Transplantation is invariably associated with acute allograft injury caused by ischemia reperfusion injury (IRI). This injury causes cells of the allograft to undergo various forms of programmed cell death including apoptosis and necroptosis. During programmed cell death, immunogenic molecules are released from cells, one of which is cell-free DNA (cfDNA). We hypothesize that cfDNA is released by microvascular endothelial cells (MVECs) during programmed cell death of IRI and that cfDNA acts as both a biomarker for cellular injury as well as a biologically active molecule capable of amplifying inflammation and organ injury.
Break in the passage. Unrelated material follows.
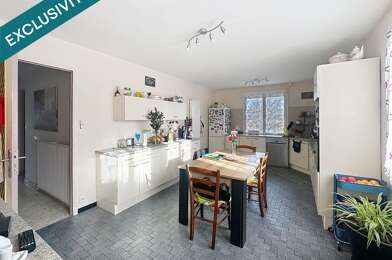 Maison 8 pièces 232000 €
Our results indicate that cfDNA is released by MVECs under both apoptotic and necroptotic conditions in vitro, as well as during IRI in an in vivo mouse model. We have also shown that cfDNA release is ameliorated by blocking necroptosis in vivo with the use of RIPK3-/-mice that are incapable of undergoing necroptosis. Lastly, we have shown that cfDNA is capable of activating immune cells, showing that NK cell activation markers are upregulated when purified NK cells are subjected to cfDNA in vitro.
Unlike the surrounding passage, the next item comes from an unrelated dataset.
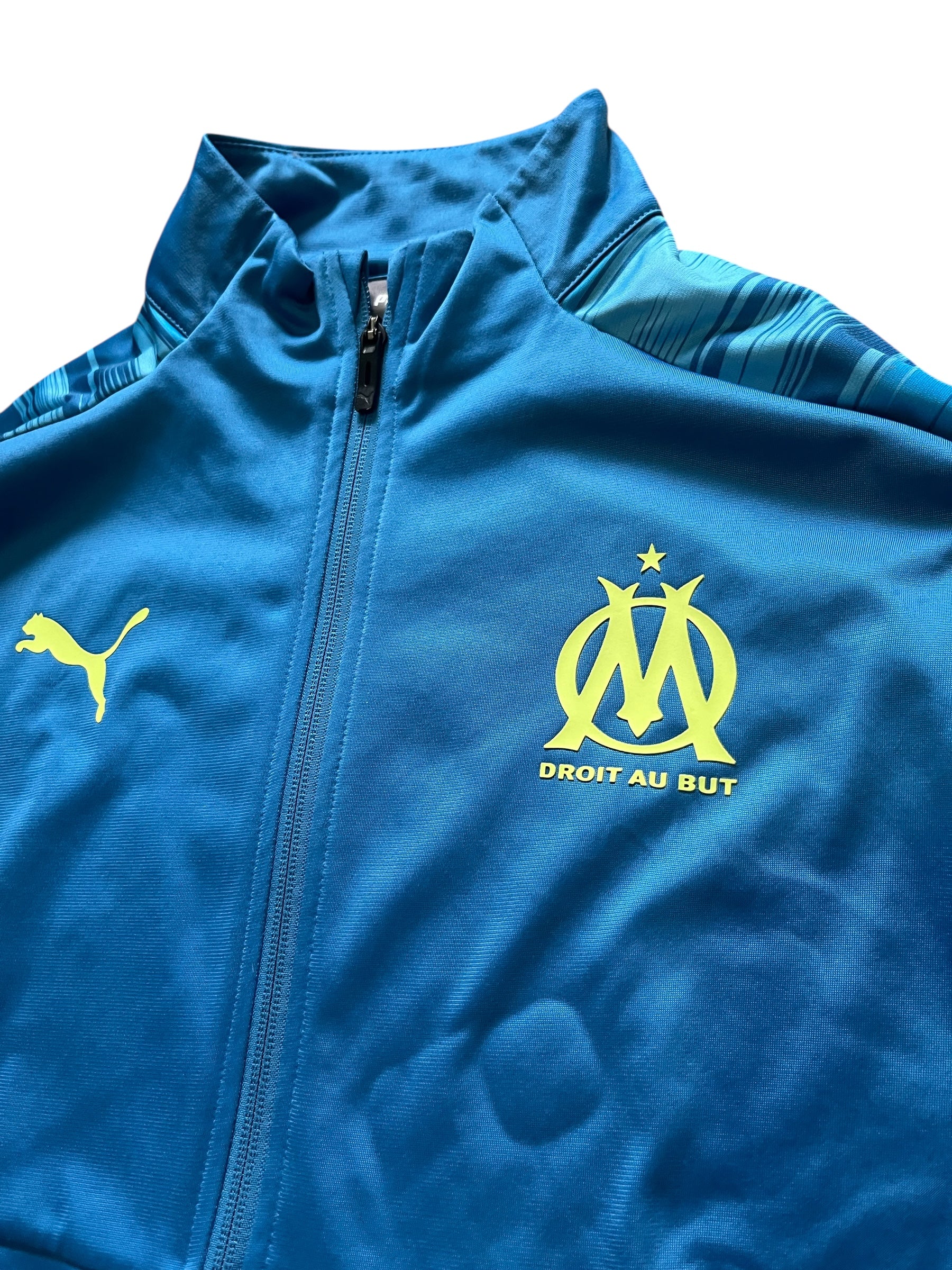 Marseille Trackjacket(L)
Our results indicate that cfDNA is a potential biomarker of allograft injury in a renal transplant setting. Donor-derived cfDNA from blood or urine may give rise to novel non-invasive tests to diagnose graft damage. cfDNA also appears to exacerbate inflammation by activating immune cells to produce pro-inflammatory cytokines which further escalates inflammation. It may be prudent to inhibit the release of cfDNA in a transplant scenario, a goal our lab is currently working towards.